A faithful copy of all the data is required; pictures should not be included.

Segment Open

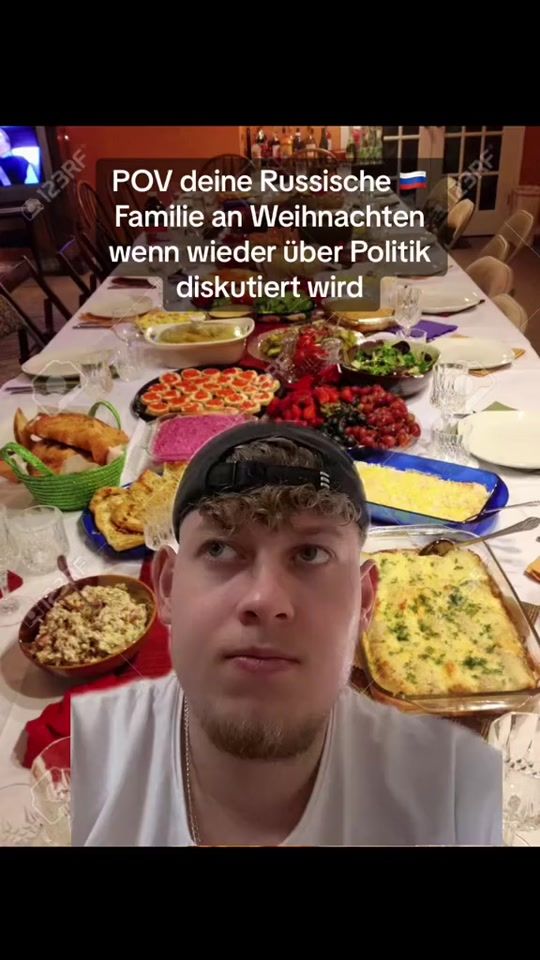 TikTok video thumbnail by piskopat777_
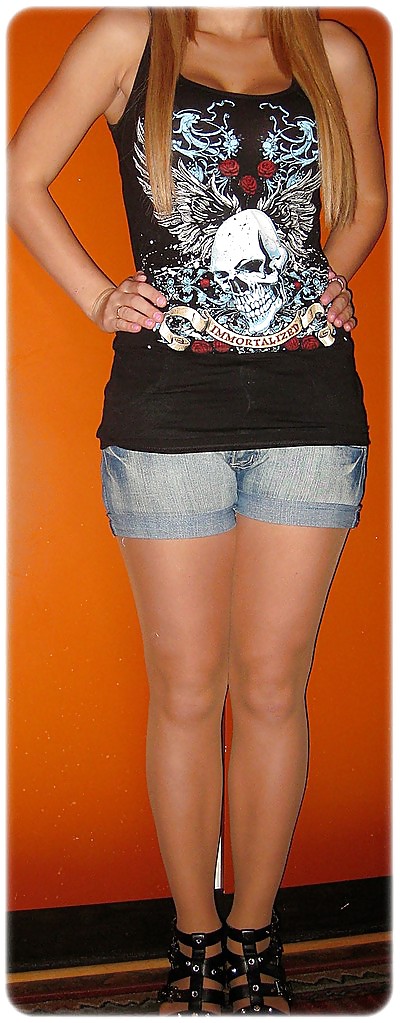 Blogueros jóvenes suecos
 #19313954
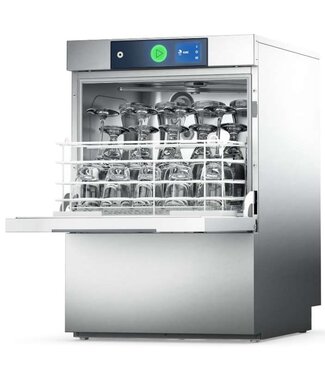 Hobart Glazenwasmachine GCB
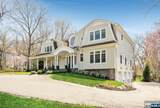 76 Dimmig Road - Photo 47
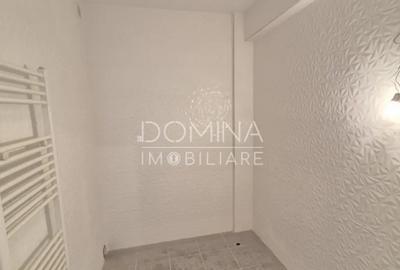 Garsonieră în Primăverii - 8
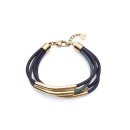Pulsera Viceroy Fashion 1459P09011 Mujer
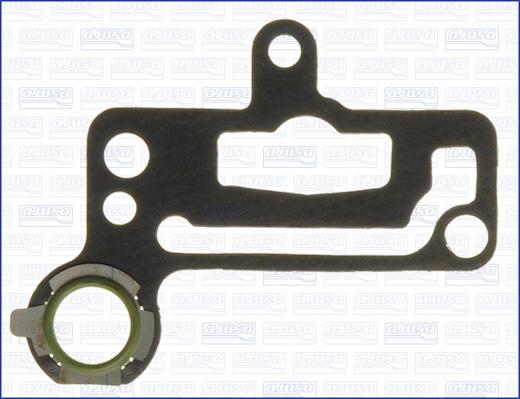 Ajusa 01171500 - Joint, attache vanne EGR droxauto.com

Segment Closed

> [Output of the exercise]
 TikTok video thumbnail by piskopat777_
 Blogueros jóvenes suecos
 #19313954
 Hobart Glazenwasmachine GCB
 76 Dimmig Road - Photo 47
 Garsonieră în Primăverii - 8
Pulsera Viceroy Fashion 1459P09011 Mujer
 Ajusa 01171500 - Joint, attache vanne EGR droxauto.com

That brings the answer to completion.